Season: A letter to the future – Test, Adventure

What Kratos can't do in the latest game, you can do it here: pet animals.

Tour de Canada

I wouldn’t have believed the young, Canadian team Scavengers Studio: After the not necessarily soulless, but playfully mediocre and stylistically interchangeable Battle Royal title Darwin Project, the team conjures up a really nice “wholesome” game out of a hat: Season is beneficial , quiet and contemplative, also a bit spiritual without drifting into the esoteric. We game journalists would probably have called the story “pseudo-philosophical” a few years ago, when almost every story beyond saving the world and zombie apocalypse was dismissed with this unflattering title.

What Kratos can’t do in the latest game, you can do it here: pet animals.

Season is simply about people’s lives, their relationship to the world and nature, and what remains of their work, their aspirations, and themselves at the end. The whole thing is embedded in a sometimes dramatic, sometimes light-hearted narrative that doesn’t take place in our world, but could very well be: Season has delicate coming-of-age vibes and touches on aspects of the environment or politics – it’s about memories, for example of a war or the evacuation of a village because of an imminent dam blast – but family stories or philosophical thought games are also in focus. All of this takes place against the backdrop of an impending apocalypse, from which one does not know until the end whether it is threatening, healing or simply inevitable.

Cycle, talk & record

Specifically, in the game we control a young woman of color who explores a large, almost deserted valley on her bike. It goes over gentle hills to a coastal road, elsewhere a cow pasture, strange temples in the forest or an abandoned gas station alternate. The main character leaves her parents’ house and her home town, takes a camera, audio recorder and a little book with her and wants to capture as many impressions of her world as possible for future generations – hence the subtitle “A letter to the future”. Which, by the way, is translated as “A letter to the future” in the German game menu, but remains “A letter to the future” in the German online stores.

Some characters in the game are wild, have fun

Some characters in the game are wild, have fun getting to know them.

The simple game mechanics are straightforward and well implemented: cycling, including pedaling with the shoulder buttons, feels just right on the PS5 pad, uphill it gets a bit tedious, downhill you can let it roll and enjoy the view. After a linear start, the game world opens after a good two hours. Equipped with a map, you explore the Tieng Valley by bike, dismount and chat, portray or ponder. My main character pulls out a no-frills camera at the push of a button (e.g. I would have liked to have had different image formats and brightness settings) and used it to record what she sees and experiences. Animals, people, buildings, hills, flowers, temples. Alternatively, you pull out a tape recorder, hold the microphone out into the landscape and record sounds: for example the rushing of a stream, the sound of a musical instrument, birdsong or the murmured stories streaming out of strange pink memory crystals.

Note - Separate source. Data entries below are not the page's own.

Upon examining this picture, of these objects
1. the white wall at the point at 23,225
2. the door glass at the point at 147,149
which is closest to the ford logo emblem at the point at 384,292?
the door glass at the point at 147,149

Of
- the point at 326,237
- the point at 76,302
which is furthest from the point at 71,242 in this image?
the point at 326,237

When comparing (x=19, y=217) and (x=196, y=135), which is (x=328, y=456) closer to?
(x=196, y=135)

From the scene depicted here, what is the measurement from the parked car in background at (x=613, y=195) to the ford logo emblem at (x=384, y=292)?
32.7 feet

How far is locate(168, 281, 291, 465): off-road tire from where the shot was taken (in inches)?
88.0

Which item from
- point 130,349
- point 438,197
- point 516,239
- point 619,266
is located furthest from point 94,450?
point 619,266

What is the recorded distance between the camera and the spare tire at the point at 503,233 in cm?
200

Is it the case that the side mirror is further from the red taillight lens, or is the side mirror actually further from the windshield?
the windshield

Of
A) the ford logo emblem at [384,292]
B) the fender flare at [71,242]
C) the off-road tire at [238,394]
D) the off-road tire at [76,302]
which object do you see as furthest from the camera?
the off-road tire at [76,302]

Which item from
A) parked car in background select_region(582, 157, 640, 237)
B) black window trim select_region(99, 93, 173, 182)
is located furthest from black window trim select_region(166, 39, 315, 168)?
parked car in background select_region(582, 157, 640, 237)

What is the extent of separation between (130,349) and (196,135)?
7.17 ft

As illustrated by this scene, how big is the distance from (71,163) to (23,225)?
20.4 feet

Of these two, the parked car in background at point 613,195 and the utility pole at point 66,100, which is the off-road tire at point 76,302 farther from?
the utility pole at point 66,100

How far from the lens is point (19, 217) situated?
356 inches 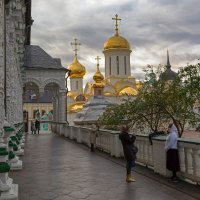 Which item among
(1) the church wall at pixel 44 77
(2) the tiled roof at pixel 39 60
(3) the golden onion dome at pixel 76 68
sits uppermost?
(3) the golden onion dome at pixel 76 68

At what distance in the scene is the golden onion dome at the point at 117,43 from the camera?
63250mm

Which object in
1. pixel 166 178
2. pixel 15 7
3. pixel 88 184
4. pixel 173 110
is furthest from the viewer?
pixel 173 110

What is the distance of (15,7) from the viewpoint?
44.3 feet

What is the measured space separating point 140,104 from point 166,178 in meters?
11.3

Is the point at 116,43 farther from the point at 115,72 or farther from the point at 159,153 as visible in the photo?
the point at 159,153

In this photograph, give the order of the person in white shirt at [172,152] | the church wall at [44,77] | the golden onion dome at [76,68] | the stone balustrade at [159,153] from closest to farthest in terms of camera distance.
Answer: the stone balustrade at [159,153]
the person in white shirt at [172,152]
the church wall at [44,77]
the golden onion dome at [76,68]

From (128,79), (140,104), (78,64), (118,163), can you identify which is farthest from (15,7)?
(78,64)

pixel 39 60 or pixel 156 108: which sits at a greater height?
pixel 39 60

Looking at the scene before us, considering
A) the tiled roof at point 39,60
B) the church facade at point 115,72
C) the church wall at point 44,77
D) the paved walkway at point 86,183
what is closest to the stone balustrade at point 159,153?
the paved walkway at point 86,183

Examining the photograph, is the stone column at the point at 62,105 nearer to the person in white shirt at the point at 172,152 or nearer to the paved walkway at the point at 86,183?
the paved walkway at the point at 86,183

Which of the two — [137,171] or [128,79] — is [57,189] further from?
[128,79]

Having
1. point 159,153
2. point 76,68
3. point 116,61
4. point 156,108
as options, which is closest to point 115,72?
point 116,61

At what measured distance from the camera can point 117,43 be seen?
208ft

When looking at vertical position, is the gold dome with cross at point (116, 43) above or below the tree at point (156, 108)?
above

See also  Strong gaming headset from Razer now cheaper than ever in the Amazon offer

Keep a virtual diary

Parallel to your trip you create a diary - that makes it

Parallel to your trip, you create a diary – that’s surprisingly a lot of fun and also works mechanically very well.

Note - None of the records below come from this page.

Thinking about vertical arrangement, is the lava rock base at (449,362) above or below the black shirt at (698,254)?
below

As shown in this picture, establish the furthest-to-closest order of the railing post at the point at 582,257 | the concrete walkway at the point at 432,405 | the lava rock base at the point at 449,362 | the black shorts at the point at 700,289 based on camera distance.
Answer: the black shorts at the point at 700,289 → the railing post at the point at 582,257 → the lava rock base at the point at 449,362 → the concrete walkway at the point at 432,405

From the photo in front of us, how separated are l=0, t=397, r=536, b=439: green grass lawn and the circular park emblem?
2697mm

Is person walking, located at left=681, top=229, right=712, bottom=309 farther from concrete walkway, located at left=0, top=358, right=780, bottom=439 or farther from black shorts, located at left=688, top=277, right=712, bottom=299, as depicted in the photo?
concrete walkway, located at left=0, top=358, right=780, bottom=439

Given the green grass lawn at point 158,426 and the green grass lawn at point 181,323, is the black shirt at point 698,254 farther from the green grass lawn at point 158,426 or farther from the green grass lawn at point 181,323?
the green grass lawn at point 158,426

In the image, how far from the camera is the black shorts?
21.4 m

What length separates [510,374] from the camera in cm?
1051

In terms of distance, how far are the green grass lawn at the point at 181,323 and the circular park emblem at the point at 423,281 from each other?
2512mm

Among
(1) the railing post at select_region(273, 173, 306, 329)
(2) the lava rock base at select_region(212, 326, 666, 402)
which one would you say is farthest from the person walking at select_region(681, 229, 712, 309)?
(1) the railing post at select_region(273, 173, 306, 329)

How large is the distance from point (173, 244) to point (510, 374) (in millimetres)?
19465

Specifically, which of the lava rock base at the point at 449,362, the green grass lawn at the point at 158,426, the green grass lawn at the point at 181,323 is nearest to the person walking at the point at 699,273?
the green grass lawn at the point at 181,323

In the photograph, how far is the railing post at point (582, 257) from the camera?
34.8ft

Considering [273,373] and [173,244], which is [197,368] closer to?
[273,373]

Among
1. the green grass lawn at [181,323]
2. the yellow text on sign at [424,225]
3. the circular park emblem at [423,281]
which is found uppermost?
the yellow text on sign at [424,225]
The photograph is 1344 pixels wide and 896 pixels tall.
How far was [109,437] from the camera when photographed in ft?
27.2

If the game considers an image or sound recording relevant, you will be informed that you have now made something for your journal again. You can open the virtual booklet, leaf through it and fill it with content yourself. Every place and every little story in the game has its own double page, where you can attach snapped Polaroids, park sound files or enter short sayings and quotes from conversations and experiences. When a certain fill level per double page is reached, the main character says a few words about it and receives further pictures, graphics or ornaments to round off the chapter. You can scale images, texts, sketches, etc. and place them freely – this is how each player creates an individual travel diary. It can look really pretty and playful, it can be a bit messy, or it can be super organized with photos that are always the same size, right angles, and the accurate alignment along the edge of the page. As you like it.

Sometimes the game world seems quite banal, and then you encounter strange places full of magic and visual impact.

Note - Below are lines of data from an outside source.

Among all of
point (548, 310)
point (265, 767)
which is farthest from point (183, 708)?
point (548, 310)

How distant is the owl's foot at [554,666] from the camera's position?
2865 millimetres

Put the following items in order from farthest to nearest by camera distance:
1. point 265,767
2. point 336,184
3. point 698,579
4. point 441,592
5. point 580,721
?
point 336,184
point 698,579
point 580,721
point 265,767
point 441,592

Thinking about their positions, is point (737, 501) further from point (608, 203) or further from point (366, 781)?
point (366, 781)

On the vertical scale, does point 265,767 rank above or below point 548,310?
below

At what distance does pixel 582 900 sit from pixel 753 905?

Sometimes the game world seems quite banal, and then you encounter strange places full of magic and visual impact.

After the quite familiar, almost bourgeois start to the adventure, the game world and the many little stories completely fascinated me. On the one hand, cycling, pulling the camera, dismounting and walking around feel very grounded and down-to-earth. “It could also be me going on a bike tour in the Allgu,” I think to myself. And then there’s this absurd giant statue looming out of a shimmering pink meadow, I meet a weird, uniformed group called “Gray Hands” and meet quirky, over-the-top characters that could have come straight from the pen of Ghibli mastermind Hayao Miyazaki. Season: A letter to the future made me curious, surprised and almost shook my head during my eight hours until the end credits. And I really liked that.